- [WHAT TO DO]: Please repeat the listing below exactly, but do not include its pictures.

- [SOURCE DATA]:
◆ ◆ ◆

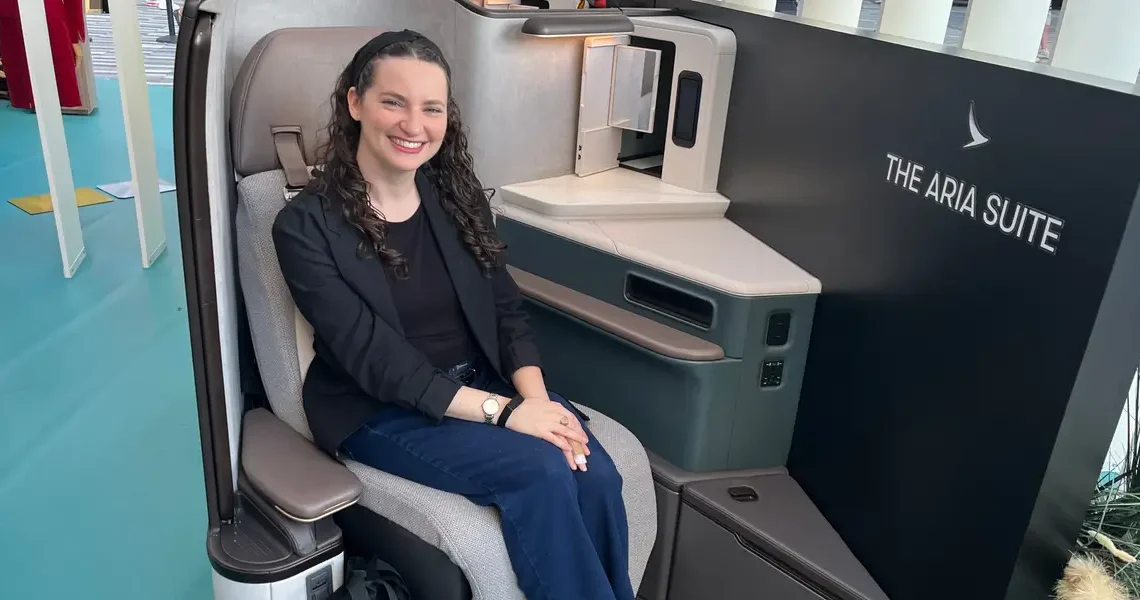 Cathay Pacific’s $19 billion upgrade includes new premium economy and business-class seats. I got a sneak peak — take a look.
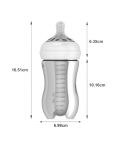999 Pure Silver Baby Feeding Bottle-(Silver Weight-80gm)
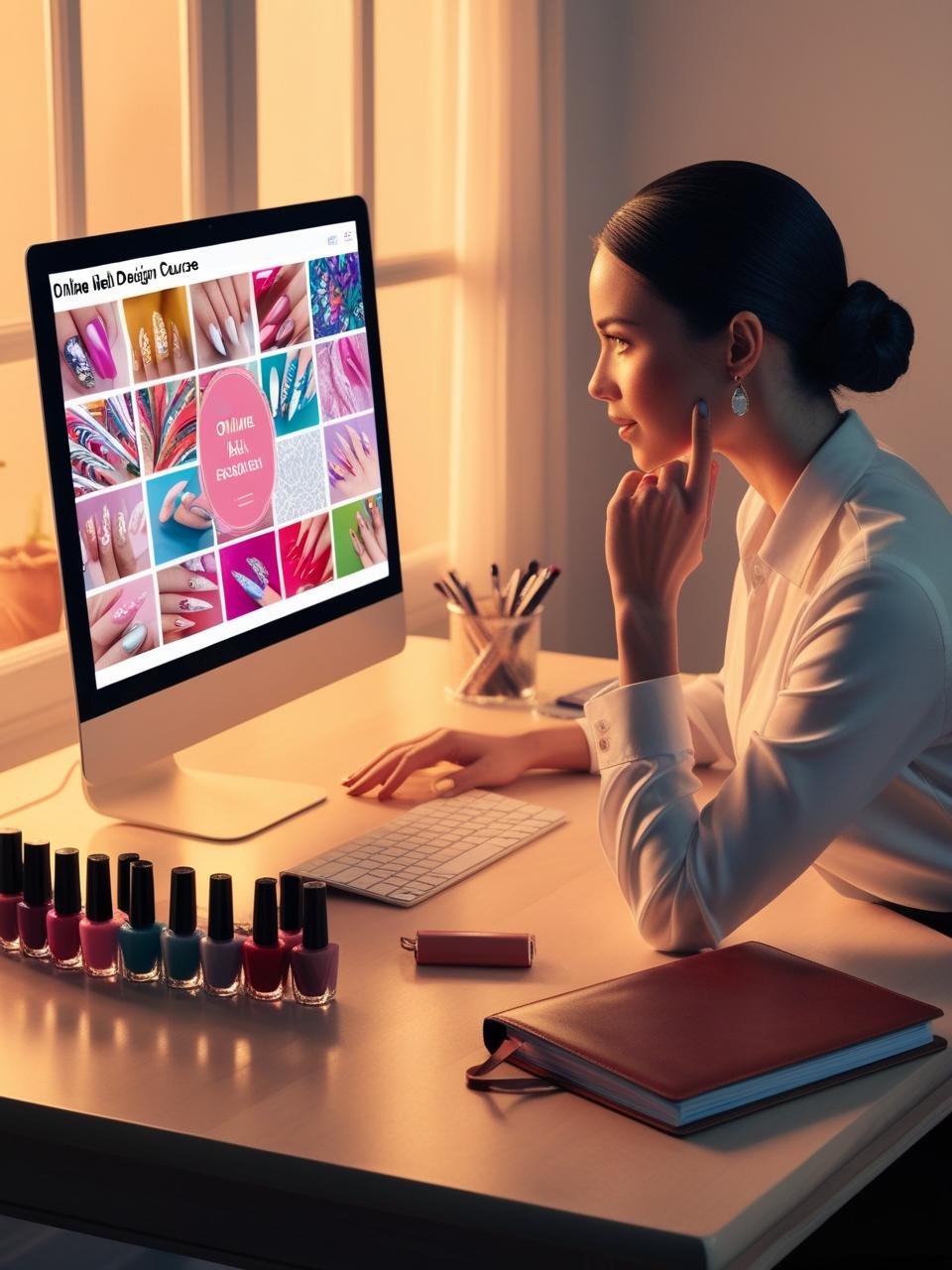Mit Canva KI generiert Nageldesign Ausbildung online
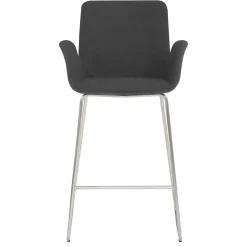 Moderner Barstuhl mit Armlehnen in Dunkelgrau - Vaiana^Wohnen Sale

◆ ◆ ◆

- [YOUR SOLUTION]:
 Cathay Pacific’s $19 billion upgrade includes new premium economy and business-class seats. I got a sneak peak — take a look.
999 Pure Silver Baby Feeding Bottle-(Silver Weight-80gm)
Mit Canva KI generiert Nageldesign Ausbildung online
 Moderner Barstuhl mit Armlehnen in Dunkelgrau - Vaiana^Wohnen Sale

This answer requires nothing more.